§ Work instruction
In the records below, pick out all lines containing the word "Skin".
*** Dataset Section Begins ***
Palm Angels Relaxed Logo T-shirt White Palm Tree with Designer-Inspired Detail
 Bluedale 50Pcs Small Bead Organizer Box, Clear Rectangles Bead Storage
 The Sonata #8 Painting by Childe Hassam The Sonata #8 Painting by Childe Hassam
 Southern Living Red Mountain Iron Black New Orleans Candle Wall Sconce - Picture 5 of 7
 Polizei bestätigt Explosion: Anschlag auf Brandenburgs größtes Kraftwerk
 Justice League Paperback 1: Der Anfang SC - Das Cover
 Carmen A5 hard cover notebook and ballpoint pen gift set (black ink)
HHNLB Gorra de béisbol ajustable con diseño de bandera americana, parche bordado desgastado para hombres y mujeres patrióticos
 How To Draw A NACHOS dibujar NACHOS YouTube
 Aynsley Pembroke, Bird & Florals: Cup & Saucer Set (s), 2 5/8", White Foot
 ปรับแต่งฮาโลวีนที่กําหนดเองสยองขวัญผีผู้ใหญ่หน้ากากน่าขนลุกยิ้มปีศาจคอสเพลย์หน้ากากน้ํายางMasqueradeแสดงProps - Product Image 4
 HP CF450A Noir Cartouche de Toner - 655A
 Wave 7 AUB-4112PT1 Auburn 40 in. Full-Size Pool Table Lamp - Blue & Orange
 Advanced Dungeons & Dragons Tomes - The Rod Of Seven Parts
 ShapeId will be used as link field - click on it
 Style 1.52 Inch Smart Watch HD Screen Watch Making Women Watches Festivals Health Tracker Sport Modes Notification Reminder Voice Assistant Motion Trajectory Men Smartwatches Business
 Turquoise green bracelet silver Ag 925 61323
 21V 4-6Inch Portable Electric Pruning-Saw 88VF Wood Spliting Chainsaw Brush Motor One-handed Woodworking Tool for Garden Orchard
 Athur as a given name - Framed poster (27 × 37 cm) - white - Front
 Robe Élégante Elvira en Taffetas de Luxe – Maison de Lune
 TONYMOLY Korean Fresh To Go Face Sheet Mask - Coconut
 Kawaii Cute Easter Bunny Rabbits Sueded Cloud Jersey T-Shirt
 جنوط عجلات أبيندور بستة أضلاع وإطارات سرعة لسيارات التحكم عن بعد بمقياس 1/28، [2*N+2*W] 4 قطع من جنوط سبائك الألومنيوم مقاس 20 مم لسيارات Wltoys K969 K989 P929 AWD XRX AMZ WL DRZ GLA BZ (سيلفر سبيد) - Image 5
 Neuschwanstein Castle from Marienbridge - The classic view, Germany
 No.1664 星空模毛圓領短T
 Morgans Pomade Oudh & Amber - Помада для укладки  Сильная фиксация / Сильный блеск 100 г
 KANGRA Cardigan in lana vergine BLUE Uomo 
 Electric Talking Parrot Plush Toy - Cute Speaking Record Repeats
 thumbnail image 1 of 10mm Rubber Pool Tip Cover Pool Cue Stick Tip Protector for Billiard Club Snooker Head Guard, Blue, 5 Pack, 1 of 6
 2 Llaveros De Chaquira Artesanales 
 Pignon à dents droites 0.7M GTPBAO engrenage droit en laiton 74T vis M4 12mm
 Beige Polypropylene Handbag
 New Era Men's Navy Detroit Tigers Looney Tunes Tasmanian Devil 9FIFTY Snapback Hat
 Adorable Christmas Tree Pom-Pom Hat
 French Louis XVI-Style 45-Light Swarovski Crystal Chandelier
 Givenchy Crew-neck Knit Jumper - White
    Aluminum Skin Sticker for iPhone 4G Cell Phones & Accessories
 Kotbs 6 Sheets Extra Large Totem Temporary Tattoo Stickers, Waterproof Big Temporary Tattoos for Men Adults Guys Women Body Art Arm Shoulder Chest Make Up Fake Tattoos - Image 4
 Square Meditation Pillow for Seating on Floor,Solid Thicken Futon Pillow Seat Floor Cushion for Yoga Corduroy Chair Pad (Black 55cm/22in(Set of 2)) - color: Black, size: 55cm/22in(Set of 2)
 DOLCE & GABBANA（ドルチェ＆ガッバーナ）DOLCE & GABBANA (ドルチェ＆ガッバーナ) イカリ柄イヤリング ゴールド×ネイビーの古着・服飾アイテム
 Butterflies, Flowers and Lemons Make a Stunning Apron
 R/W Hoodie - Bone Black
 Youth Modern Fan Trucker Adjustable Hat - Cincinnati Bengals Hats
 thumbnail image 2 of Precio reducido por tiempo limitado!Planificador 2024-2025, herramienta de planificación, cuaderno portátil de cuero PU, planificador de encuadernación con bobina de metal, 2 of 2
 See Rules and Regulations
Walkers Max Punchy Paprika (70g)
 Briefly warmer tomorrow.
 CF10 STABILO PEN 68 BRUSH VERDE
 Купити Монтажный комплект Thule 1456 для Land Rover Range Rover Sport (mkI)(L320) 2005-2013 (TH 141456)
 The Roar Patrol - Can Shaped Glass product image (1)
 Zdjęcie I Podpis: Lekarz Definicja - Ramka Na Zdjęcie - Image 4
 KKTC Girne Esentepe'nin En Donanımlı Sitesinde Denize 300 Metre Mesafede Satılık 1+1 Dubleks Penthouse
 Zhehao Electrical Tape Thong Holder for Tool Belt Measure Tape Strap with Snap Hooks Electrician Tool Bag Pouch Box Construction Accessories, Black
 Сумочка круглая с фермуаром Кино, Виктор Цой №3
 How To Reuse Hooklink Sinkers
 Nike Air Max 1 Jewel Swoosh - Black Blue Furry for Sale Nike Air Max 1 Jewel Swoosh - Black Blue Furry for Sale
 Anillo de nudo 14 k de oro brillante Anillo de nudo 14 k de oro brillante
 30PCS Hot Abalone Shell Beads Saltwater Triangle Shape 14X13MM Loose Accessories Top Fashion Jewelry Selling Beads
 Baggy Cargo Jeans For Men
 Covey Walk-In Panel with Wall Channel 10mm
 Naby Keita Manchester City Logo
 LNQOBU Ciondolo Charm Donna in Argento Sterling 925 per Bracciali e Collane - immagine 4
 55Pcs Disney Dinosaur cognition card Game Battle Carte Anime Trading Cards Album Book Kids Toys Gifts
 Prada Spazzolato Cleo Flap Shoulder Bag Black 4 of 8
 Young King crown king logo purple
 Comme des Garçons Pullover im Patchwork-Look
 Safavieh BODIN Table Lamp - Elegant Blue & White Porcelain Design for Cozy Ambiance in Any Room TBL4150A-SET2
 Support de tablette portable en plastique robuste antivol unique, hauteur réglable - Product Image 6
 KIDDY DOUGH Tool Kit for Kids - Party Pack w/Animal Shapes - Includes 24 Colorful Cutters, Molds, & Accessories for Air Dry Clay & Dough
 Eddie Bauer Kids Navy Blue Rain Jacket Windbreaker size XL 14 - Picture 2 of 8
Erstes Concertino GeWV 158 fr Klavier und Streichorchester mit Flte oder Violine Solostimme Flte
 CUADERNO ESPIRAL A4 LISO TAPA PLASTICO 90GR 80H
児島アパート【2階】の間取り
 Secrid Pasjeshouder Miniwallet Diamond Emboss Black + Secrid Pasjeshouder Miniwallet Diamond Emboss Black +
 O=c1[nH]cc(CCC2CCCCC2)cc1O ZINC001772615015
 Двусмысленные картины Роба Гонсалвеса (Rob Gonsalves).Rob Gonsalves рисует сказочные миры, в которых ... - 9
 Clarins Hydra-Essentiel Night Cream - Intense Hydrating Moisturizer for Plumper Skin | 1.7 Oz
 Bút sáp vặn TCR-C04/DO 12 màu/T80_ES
*** Dataset Section Ends ***
§ Response for this exercise
    Aluminum Skin Sticker for iPhone 4G Cell Phones & Accessories
 Clarins Hydra-Essentiel Night Cream - Intense Hydrating Moisturizer for Plumper Skin | 1.7 Oz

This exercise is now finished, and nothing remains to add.